In “The Zone of Interest“, based on Martin Amis’ novel, Jonathan Glazer delves into the life of Auschwitz camp commandant Rudolf Höss and his wife Hedwig, talking about Holocaust, and offering a portrayal of “familiarity of evil”, as well as “banality of evil” as Hannah Arendt said.
Winner of the Cannes Grand Prix and the FIPRESCI Prize, five nominations at Efa 2023 (Best Film, Best Director, Best Screenwriter, Best Actress for Sandra Hüller and Best Actor for Christian Friedel), the film, presented also at Rome Film Fest 2023, has been selected as the UK’s official entry for the 2024 Oscars in the Best International Feature category.
Don’t close your eyes to the suffering
“If we allow the suffering of others to be suffocated and hidden, then history is destined to repeat itself – Glazer said in Rome, thinking about the actual situation in the Middle East – The Holocaust passes through the film. We don’t see it, only with our mind’s eye, only with sounds and noises we imagine that suffering. I wanted to make this film intensely modern just because only in this way can that vicious cycle of violence be stopped. We cannot dissociate ourselves from that suffering like this family does, we must understand that it is something present and not so distant”.

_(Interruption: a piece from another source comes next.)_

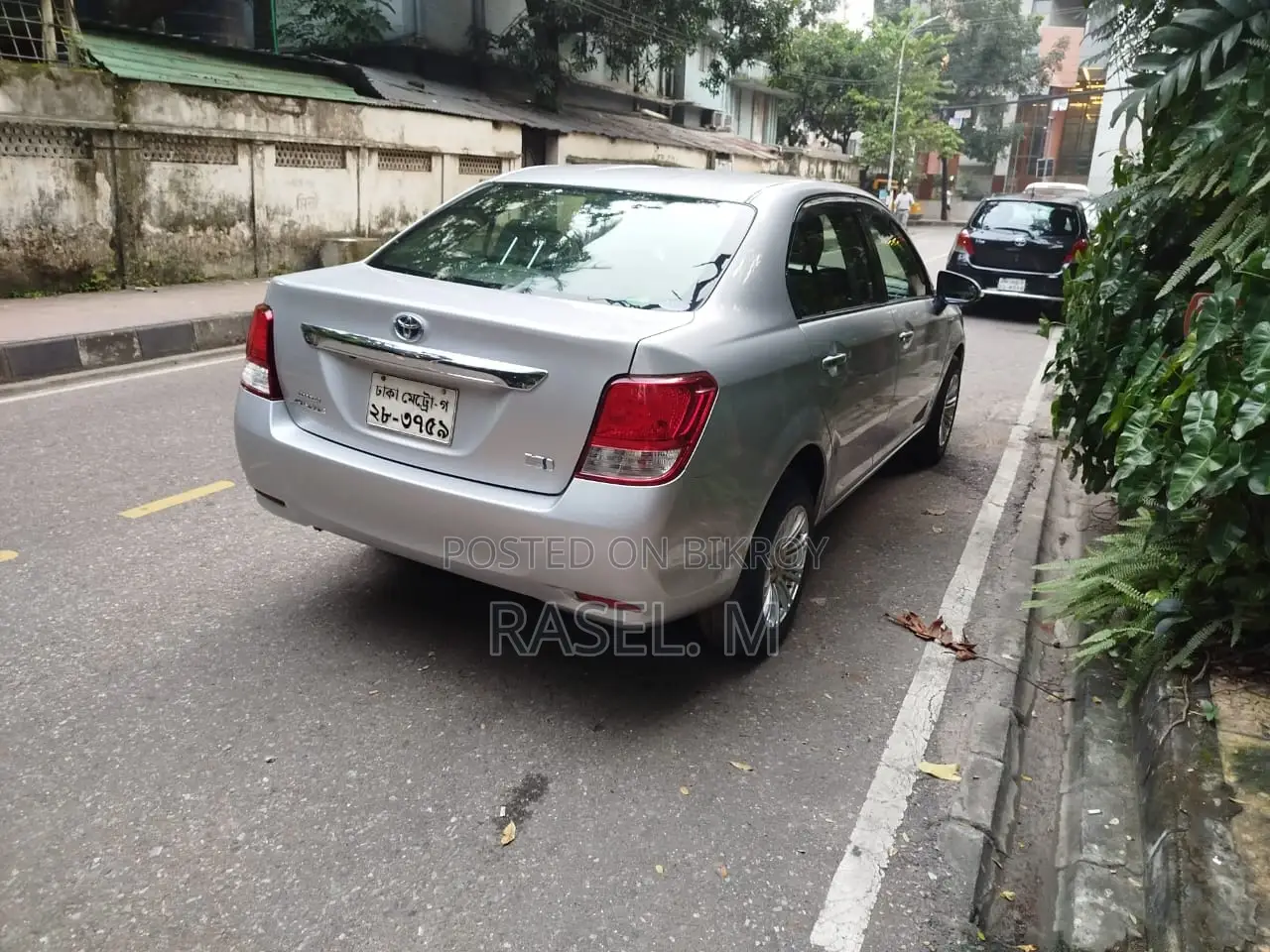 Toyota Axio 1.5 Hybrid G 2WD 2013 Silver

A film also for young generation
“I hope young people see the film, they are the future. I know there are young people who saw it and had a reaction emotionally. They need to know what happened behind that wall. It is not difficult to perceive human suffering”, director added.
Not monster, but human beings
During the nine-year making of the film, Glazer thought about who these people were: “Like us – answered – They wanted a nice home, healthy and strong children. They weren’t monsters, even though I thought they were. They were human beings, like us, and they committed atrocities that we could do too”.
Plot
A happy family along a flowery riverbank in the summer, tow-headed tykes splashing in the water. Sunset: back to the house, a pretty, spacious abode with a small pool, a greenhouse, a garden, the help on hand. A tall wall cannot conceal a dull roar audible, especially at night; thick black smoke fills the sky and ash coats the ground. After Birth and Under the Skin, Jonathan Glazer adapts the marvelous 2014 novel by the late Martin Amis for his new film of the same name and boils it down to the essence: the uneventful family life of Rudolf Höß, commandant at the Auschwitz concentration camp, and his wife Hedwig, their routine untouched by the monstrousness underway over the wall.